Keeping in view the interpretative tools required to be used in a case of this nature, we are of the opinion, despite the fact that the respondents had been earning some money, the same would not disentitle them to take part in the selection process for grant of a license in terms of the order.
The advertisement in question keeping in view the text and context in which it was issued clearly go to show that for the purpose of applying for grant of a liquor shop, the respondents were qualified having been continuing to be registered in the Employment Exchange and having been granted a certificate in that behalf by the person specified in the advertisement.
It is not a case where the word `unemployed’ should be given a literal or even the dictionary meaning. In our view, it is required to be given a purposive meaning; a meaning which is capable of being translated in the action, a meaning which would not lead to an anomaly or absurdity; a meaning which satisfies the text and context in which the word has been used.

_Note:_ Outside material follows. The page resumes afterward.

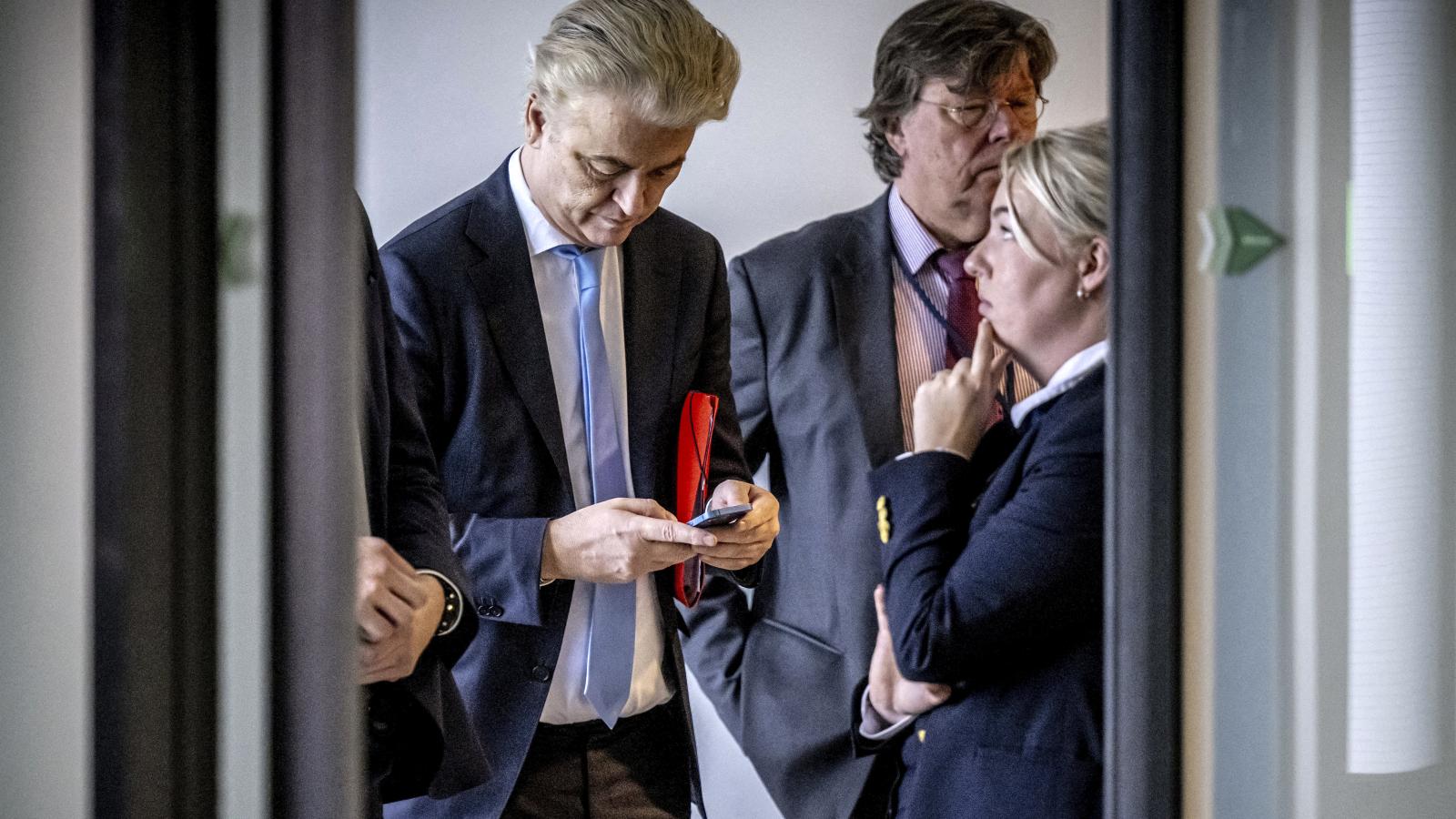 Geert Wilders enyhített ugyan radikális nézetein, de így sem bíznak benne a koalíciós partnerek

23. Furthermore, the appellant No. 1 applied for and was granted the similar certificate. It is, therefore, too late in the day for him to contend now that the provisions relating to grant of certificate being devoid of any guideline or objective criteria should be declared ultra vires.
In any event, even otherwise, the validity and/or legality of the said Order has not been challenged.
24. For the reasons aforementioned, the appeals are dismissed. In the facts and circumstances of the case, however, there shall be no order as to costs.